Le meurtre par torture d’Abdarahmane DIALLO

Arrêté le 16 juillet 2015 suite à un contrôle d’identité dans une ruelle d’El Mina (Nouakchott), Abdarahmane DIALLO fût détenu pendant trois (3) jours au commissariat El Mina 2 pour défaut de pièce d’identité et face à ses protestations, les policiers n’ont rien trouvé d’autre à faire que de le torturer sévèrement. Dans la soirée du 18 au 19 juillet 2015, ayant constaté chez le détenu des signes de malaise, les policiers l’ont transporté d’urgence à l’Hôpital Sadagha d’Arafat (quartier périphérique de Nouakchott, la capitale) où il a rendu l’âme quelques instants après son admission. Les policiers déclarèrent être étrangers à son état, alors que son corps portait des traces de coups. Le corps est resté à la morgue de cet hôpital pendant trois (3) jours, sa famille, ayant refusé de le récupérer, exigeait la vérité sur les conditions de sa mort, ce dont les autorités ne voulaient pas entendre parler. Devant l’insistance des proches de la victime, le procureur de la République décida d’une autopsie du corps de la victime par un personnel de santé non qualifié pour ce genre d’actes. L’autopsie a été faite dans la hâte et ses auteurs ont conclu d’une mort « naturelle ».
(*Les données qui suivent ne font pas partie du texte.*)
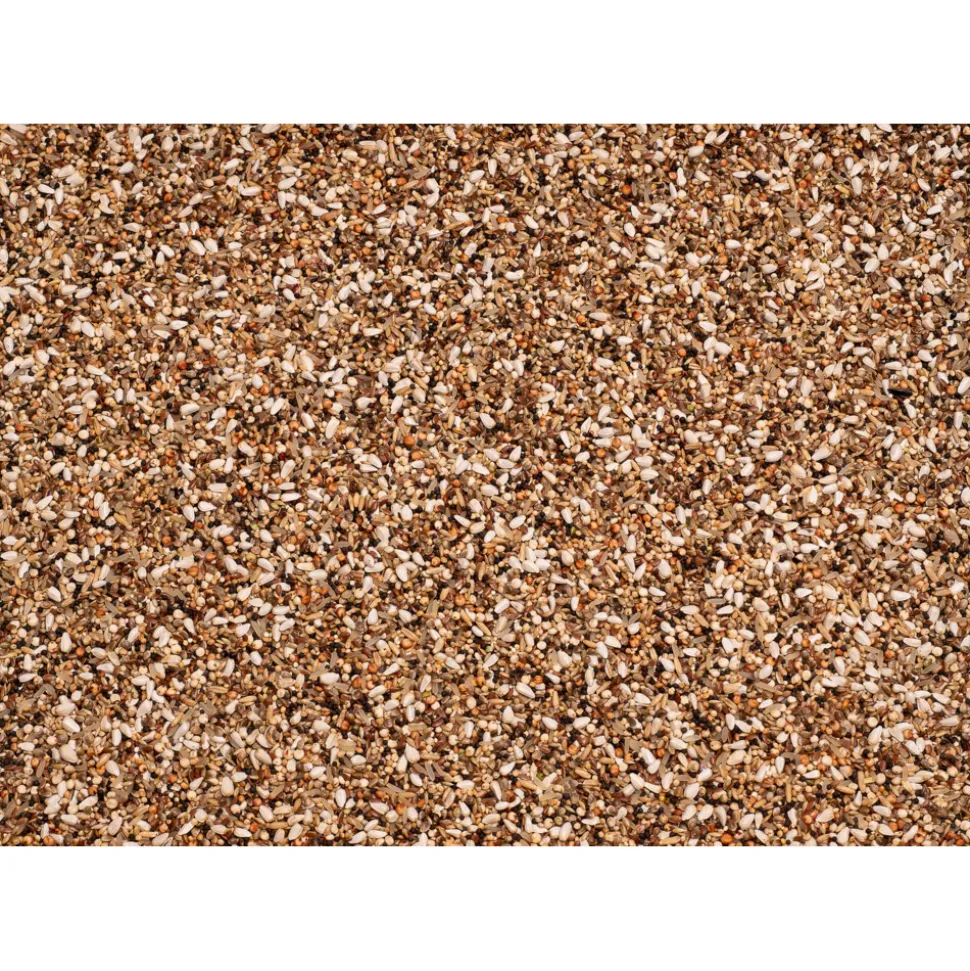 Beyers Enzymix 7/57 MS Snoepzaad Fijn 20 kg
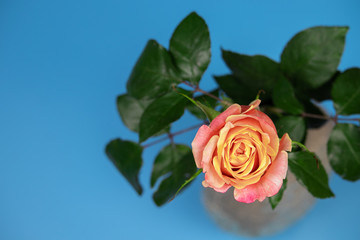 Fototapeta premium Beautiful tea rose on a blue background.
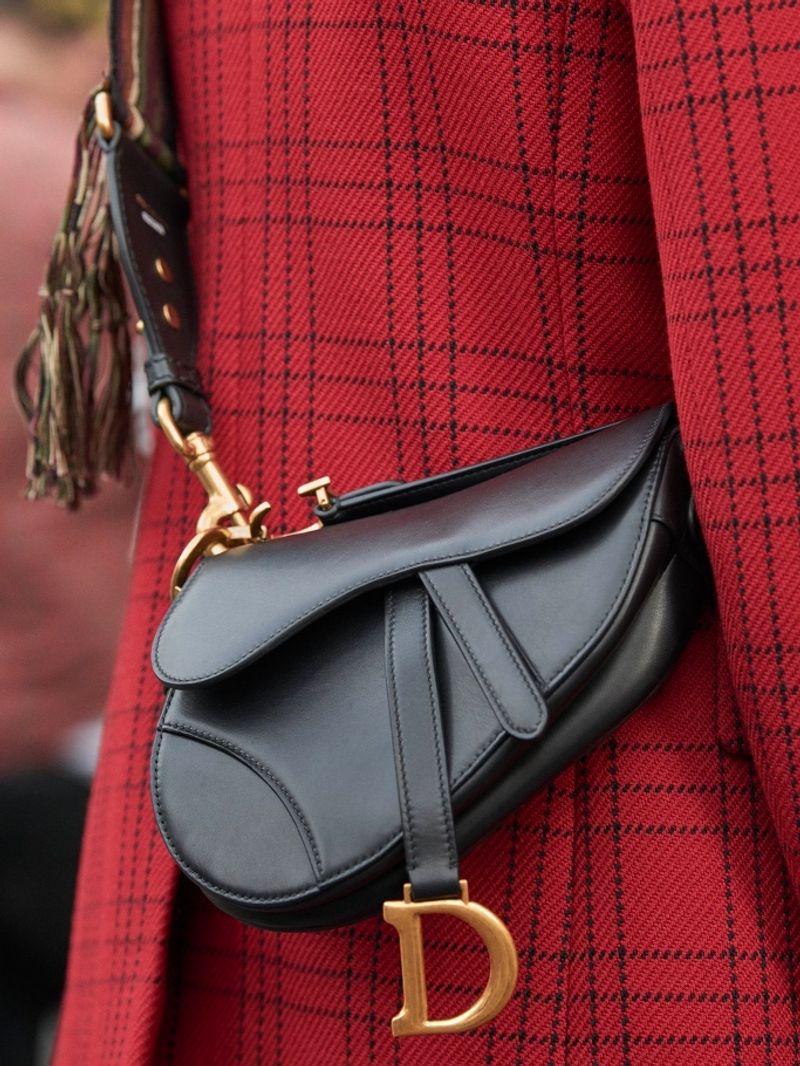 Dior Saddle Bag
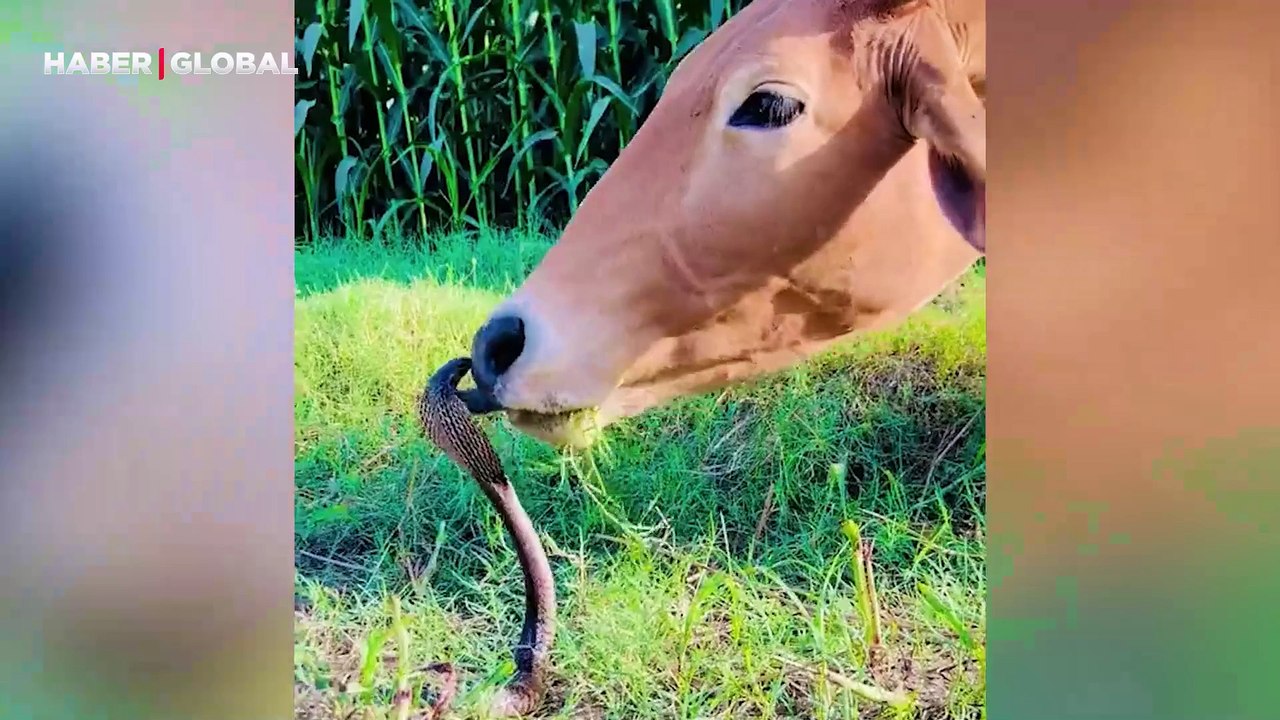 İnek ve kral kobranın dostluğu ağızları açık bıraktı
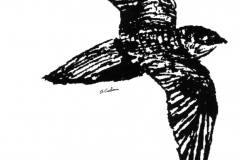 Chimney Swift in Flight Sketch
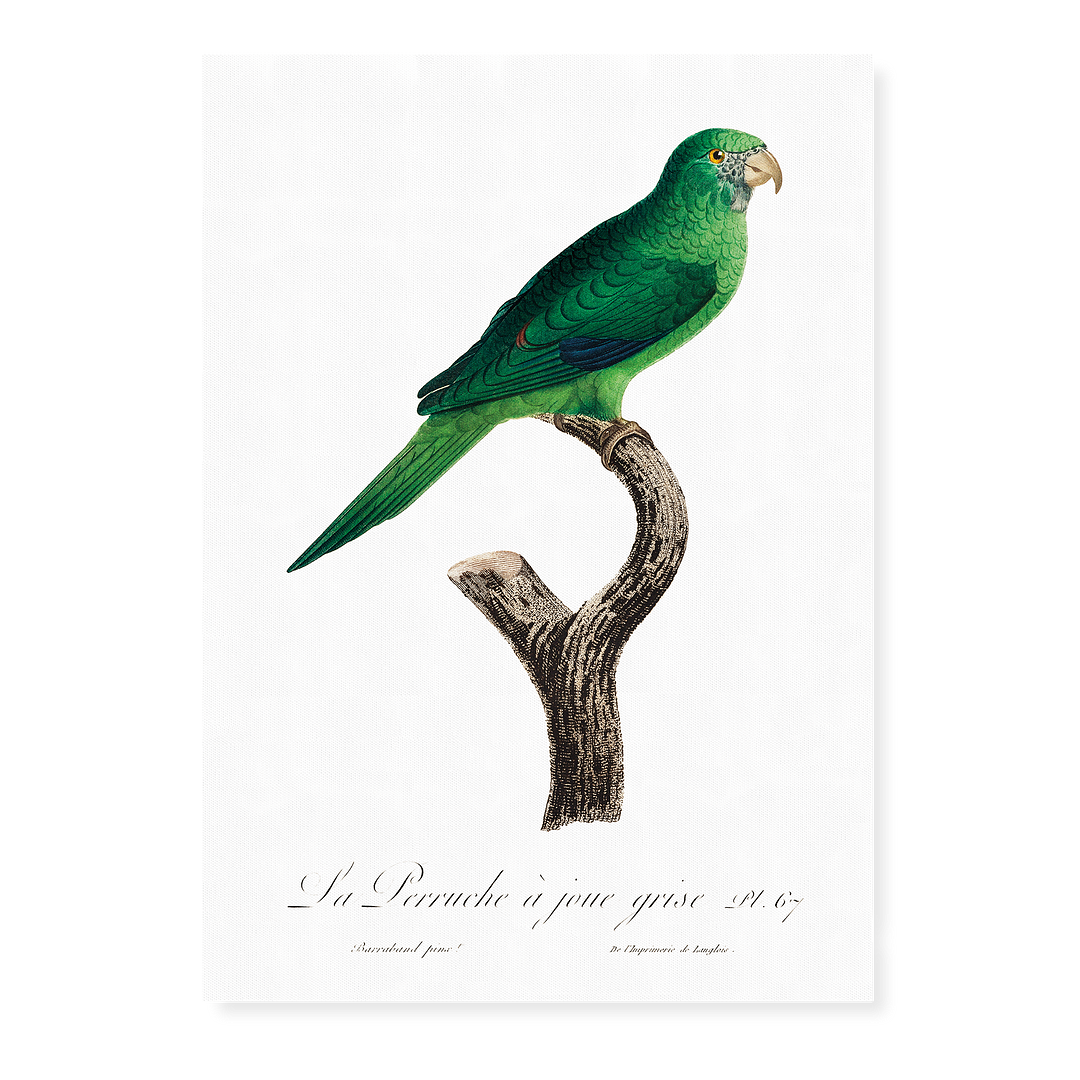 The Grey-Cheeked Parakeet (Brotogeris pyrrhoptera) - Art Print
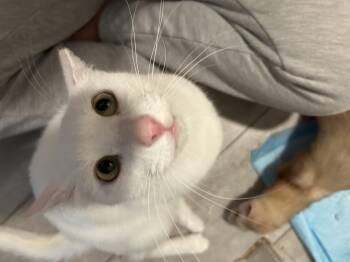 Rescue Domestic Short Hair Cats for Adoption in Tampa, Florida - Hiccup | PetCurious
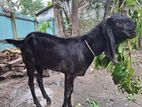 তোতাপুরী ক্রস খাসি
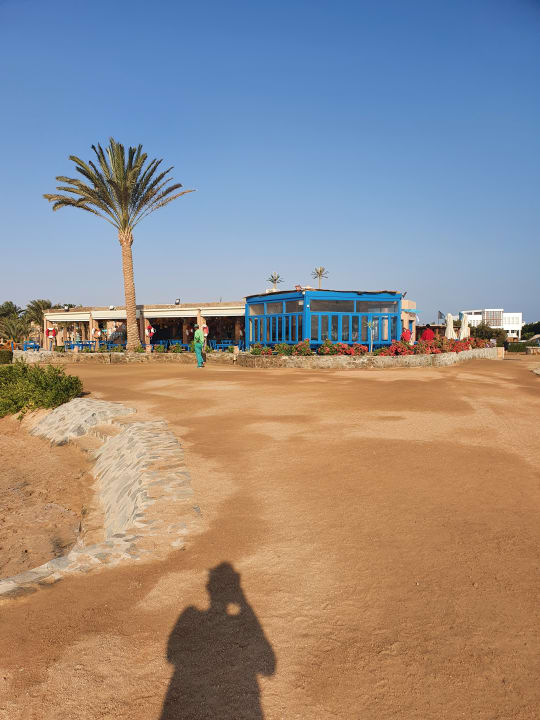 Gastro Club Paradisio El Gouna, Red Sea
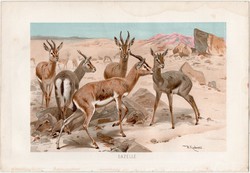Gazella, litográfia 1891, színes nyomat, eredeti, Brehm, Tierleben, állat, párosujjú, Afrika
Ainsi, pour le meurtre Abdarahmane DIALLO, aucune enquête n’a été ouverte et les policiers auteurs du crime n’ont aucunement été inquiétés.

 

  1. Recommandations :

A la lumière de ce qui précède et compte tenu de la persistance en Mauritanie de la torture par les éléments des forces de police ou de l’armée avec la complicité des hautes autorités politiques et judiciaires, les recommandations ci-après s’imposent :

 

  • Faire du Mécanisme Nationale contre la Torture un vrai outil de prévention et de veilles contre la torture pour qu’il ne soit pas, ce que la Commission Nationale des Droits de l’Homme est dans la préservation des Droits humains qui consiste tout simplement à couvrir les autorités sur des faits graves de violation de Droits humains.
  • Protéger un subordonné et lui garantir le droit de refuser un ordre émanant de son supérieur qui serait contraire à la Convention contre la torture.
  • Abroger la loi d’amnistie de 1993 qui empêche les tortionnaires, qui ont sévit lors de la tentative de génocide contre les negro mauritaniens durant la période 1986 – 1991, de faire l’objet de procédures pénales engageant leur responsabilité.
  • Réaménager la loi relative à la lutte contre le terrorisme de sorte que soient éliminées ses dispositions qui laissent la porte ouverture à la pratique de la torture sur un présumé auteur d’acte de terrorisme.
  • Prendre des mesures concrètes pour enquêter de manière impartiale et indépendante sur les cas de torture ou mauvais traitements et le cas échéant, veiller à ce que les auteurs soient effectivement poursuivis ; renforcer les mécanismes de plainte mis à la disposition des victimes ; s’assurer qu’elles obtiennent réparation et qu’elles ne fassent pas l’objet de représailles ou d’intimidations.
  • Prendre des mesures efficaces pour que toutes les personnes privées de liberté jouissent, à partir du moment de leur mise en détention, de toutes les garanties juridiques fondamentales, notamment le droit d’être informé des raisons de l’arrestation, d’être présenté rapidement devant un juge et de contester la légalité de leur détention ; libérer tous les détenus ayant purgé leur peine.
  • Réviser le Code de procédure pénale afin de réduire la durée légale en matière de garde à vue pour la rendre conforme aux standards internationaux et garantir le droit à être jugé sans retard excessif en modifiant les dispositions légales en matière de durée légale de la détention préventive.
  • Garantir l’accès à un avocat dès les premières heures de garde à vue ; garantir l’aide juridictionnelle, en particulier en matière criminelle, dans tous les cas où elle est nécessaire.
  • Améliorer les conditions carcérales et établir un système de surveillance et d’inspection inopinée des lieux de détention.
  • Mettre un terme définitif aux extraditions effectuées en violation de l’article 3 de la Convention contre la torture.
  • Réformer le système judiciaire de telle sorte à garantir son indépendance vis-à-vis du pouvoir exécutif et établir un mécanisme national de prévention de la torture en conformité avec l’article 3 du Protocole facultatif.